I applied two coats as I was not entirely happy with the uniformity of the first (I did not use a wood conditioner, according to Flexner you need not with gel stains and indeed previous results on soft wood were OK). I followed the instructions on the can.

I let it dry for 16 hours and tried to top-coat it with Wipe-on Poly. To my dismay a large portion of the stain came off and the stain now looks nasty and blotchy. I applied two more coats of poly to see if the piece will become "interesting" but it is just nasty.

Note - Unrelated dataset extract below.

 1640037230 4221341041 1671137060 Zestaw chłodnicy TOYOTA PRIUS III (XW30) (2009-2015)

So the question is: How do you start again? Do you:

1) Sand off the poly and the superficial layer of stain, apply wood conditioner, re-stain, top-coat with spray-on poly (which is what I used before - I should have stuck to what works!)

2) Turn the piece down so that no stain is showing (I would rather not!) and repeat the staining procedure as in (1)

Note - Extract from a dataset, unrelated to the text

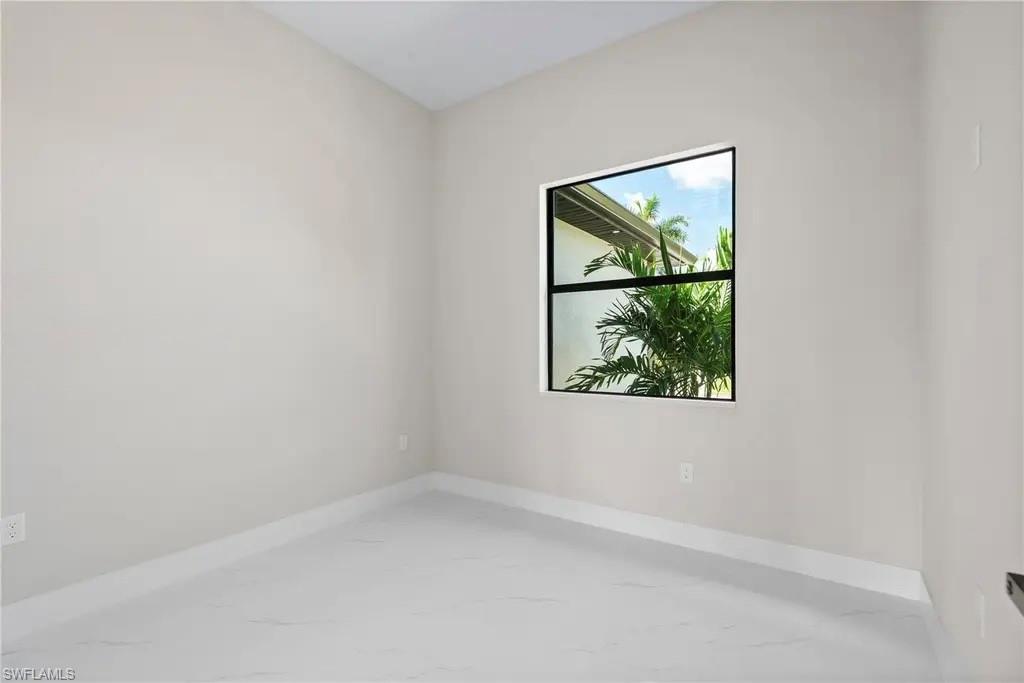 218 Irving Ave Property Photo 5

3) Forget it, there is no way to save it.

Just as I hit the "post" button I had a further thought: The piece had been soaked in Pentacryl for 3 days and dried subsequently. Usually I monitor the drying process by watching for spots on the paper the piece is standing on. This time there were none. However, the drying process took only a week. I did wash the piece with acetone but I cannot help wondering how the Pentacryl treatment affected the whole staining process (it is not supposed to according to manufacturer).


----------



## dutchman 46 (May 23, 2007)

Well? I would not know of a reason that You could have that happen? mmm ? Did You check that both products were water, or solvent based? How long have You had these two components around? Were they stirred well ? Did, or could have You, or somebody added, or put some thing in the stain, and not told You. I can not imagine that happening. Did You clean Your project with a precleaner before you added stain, or clear to the project? I don't know if You will ever get a good explanation about what happened with out a factory reps input. My question to Him would be" Have You ever seen anything like that"? If any one would know, it would be the factory Representative. I hope that You can get an answer on that. Good luck!


----------